Clinical presentation

This 45 year old female presented with a one-year history of gradually increasing left shoulder pain and gradual loss of range of motion (see figure 1). The patient recalled an injury about one year prior to presentation when some boxes she was carrying were forced into her shoulder by a closing door.

On examination no soft tissue mass was present around her shoulder region.There was tenderness to palpation over her anterior deltoid. There was loss of motion of the affected shoulder particularly involving external rotation and forward elevation. Her neurovascular examination was unremarkable.

Her general health and overall physical examination was normal expect for a past history of benign thyroid nodules.

Our concerns include :

  • Establishing an accurate diagnosis of the bony / soft tissue lesion.
  • What further investigations were necessary?
  • Possible management strategies depending on the diagnosis.

Management

Our differential diagnosis from history and radiographic appearance included myositis ossificans, high grade surface osteosarcoma, and parosteal osteosarcoma. Further studies used to help differentiate and stage the lesion included a CT scan of her shoulder and chest, MRI of her shoulder, technetium bone scan and appropriate blood workup.

Following these studies an open biopsy was performed through the anterior edge of the deltoid which could be later sacrificed if a formal resection was required. Biopsy confirmed the diagnosis of "parosteal osteosarcoma".

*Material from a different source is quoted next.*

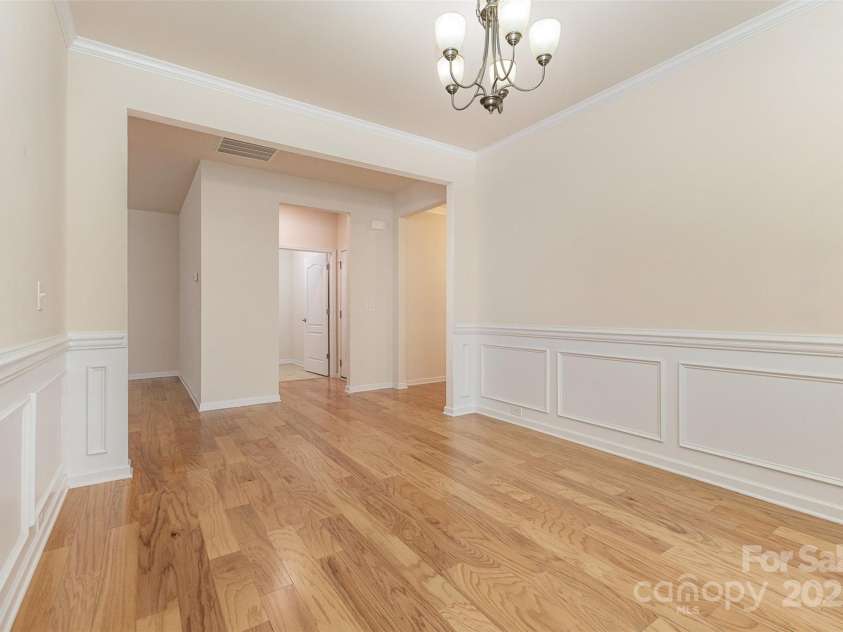 527 Livingston Drive, Lancaster, SC 29720.  MLS# CAR4264174, YatesRealty ID 20959.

The options of management were then discussed at length with the patient and included:

  1. Limb salvage via a proximal humeral allograft
  2. Shoulder disarticulation
  3. Tikhof-Lindberg
  4. Allograft arthrodesis
  5. Mega-prosthesis

A mutual decision was made to perform a limb salvage procedure via a proximal humeral allograft and a cemented long stem Neer prosthesis as seen in the current radiograph (see figure 2). This was performed through an extended anterior deltopectoral approach. Adequate margins were achieved by resecting the proximal 1/3 of the humerus including part of the cuff and part of deltoid, pectoralis major, latissimus dorsi, and teres major. Neurovascular structures were able to be preserved.

The remaing cuff and capsule were reattached to the allograft. The deltoid insertion to the humerus was preserved. Microscopic pathology revealed adequate margins.